This skill scores 78/100, which means it is a solid directory listing candidate for users who want an agent to turn learning materials into action plans. The repository provides enough concrete workflow and triggering guidance to be meaningfully more usable than a generic prompt, though adopters should expect a documentation-only skill rather than a packaged workflow with supporting assets.

78/100
Strengths
  • Strong triggerability: the description and README give clear use cases and example phrases like “turn this into a plan” and “I watched/read X, now what?”.
  • Real workflow substance: the skill defines a repeatable Ship-Learn-Next process with steps for reading source content, extracting lessons, and converting them into shippable iterations.
  • Good install-decision clarity: README and SKILL.md consistently explain purpose, target inputs, and the core principle behind the workflow.
Cautions
  • No scripts, references, or templates are included, so execution depends entirely on the written guidance.
  • SKILL.md shows how to read provided content, but input/output format and edge-case handling appear lightly specified.
Overview

Overview of ship-learn-next skill

ship-learn-next is a planning skill for people who already have learning material in hand and want to turn it into action fast. Instead of summarizing a tutorial, transcript, article, or course note, the skill pushes the agent to convert that material into a repeatable Ship → Learn → Next cycle with concrete reps.

What ship-learn-next is designed to do

The real job of the ship-learn-next skill is not “explain the content.” It is to answer: “Given this material, what should I actually build, try, reflect on, and do next?” That makes it a better fit for implementation planning than for passive study support.

Best-fit users

This skill is most useful for:

  • builders with a transcript, article, or tutorial they want to apply
  • people stuck after consuming advice and needing a first real rep
  • coaches, operators, or self-learners who prefer practice loops over study plans
  • agents working inside Playbooks that need a structured action plan, not a content recap

Main differentiator vs a generic prompt

A generic prompt often produces a tidy summary and vague next steps. ship-learn-next is opinionated: it centers shippable output, honest reflection, and the next iteration. That bias matters if you want momentum, feedback, and real practice rather than more reading.

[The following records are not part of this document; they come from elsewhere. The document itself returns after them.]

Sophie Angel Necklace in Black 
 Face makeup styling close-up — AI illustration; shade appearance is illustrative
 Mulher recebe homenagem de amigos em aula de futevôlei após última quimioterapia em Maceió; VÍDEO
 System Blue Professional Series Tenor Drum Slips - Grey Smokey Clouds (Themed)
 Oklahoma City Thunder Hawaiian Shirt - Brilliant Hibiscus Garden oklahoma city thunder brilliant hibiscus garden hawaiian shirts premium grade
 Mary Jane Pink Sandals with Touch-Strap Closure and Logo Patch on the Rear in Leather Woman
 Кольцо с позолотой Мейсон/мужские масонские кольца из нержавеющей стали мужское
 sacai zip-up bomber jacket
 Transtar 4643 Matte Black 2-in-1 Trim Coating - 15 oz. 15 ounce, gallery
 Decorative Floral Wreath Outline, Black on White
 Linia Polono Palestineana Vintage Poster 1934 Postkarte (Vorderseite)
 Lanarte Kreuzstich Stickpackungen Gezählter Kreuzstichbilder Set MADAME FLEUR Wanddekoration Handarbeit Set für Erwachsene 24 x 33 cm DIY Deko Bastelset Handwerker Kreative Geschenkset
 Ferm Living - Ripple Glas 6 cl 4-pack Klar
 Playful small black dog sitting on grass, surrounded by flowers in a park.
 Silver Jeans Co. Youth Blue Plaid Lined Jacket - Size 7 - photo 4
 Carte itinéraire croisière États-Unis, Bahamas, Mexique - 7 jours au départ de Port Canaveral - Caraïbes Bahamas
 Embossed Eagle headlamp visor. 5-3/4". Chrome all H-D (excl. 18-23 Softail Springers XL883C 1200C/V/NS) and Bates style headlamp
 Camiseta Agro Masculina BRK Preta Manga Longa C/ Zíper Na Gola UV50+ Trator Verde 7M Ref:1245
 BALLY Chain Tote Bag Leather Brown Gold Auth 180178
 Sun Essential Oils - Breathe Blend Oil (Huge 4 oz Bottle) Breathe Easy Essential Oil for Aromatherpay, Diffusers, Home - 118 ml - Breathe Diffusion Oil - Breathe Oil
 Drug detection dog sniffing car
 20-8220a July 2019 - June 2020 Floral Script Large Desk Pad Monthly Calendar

What matters before you install

The skill is lightweight and easy to understand, but it depends heavily on the quality of the source material and the user brief. It does not magically know your constraints, skill level, or environment. If you provide only “make this actionable,” expect a generic plan. If you provide the content plus target outcome, time budget, and context, the output becomes much more usable.

Where it fits in a Playbooks workflow

ship-learn-next for Playbooks fits best after content ingestion and before execution. A practical pattern is:

  1. collect transcript, notes, or article text
  2. run ship-learn-next to create the first action cycle
  3. execute one rep
  4. feed the result back into the next planning pass

That makes it useful as a bridge from “I learned something” to “I shipped something.”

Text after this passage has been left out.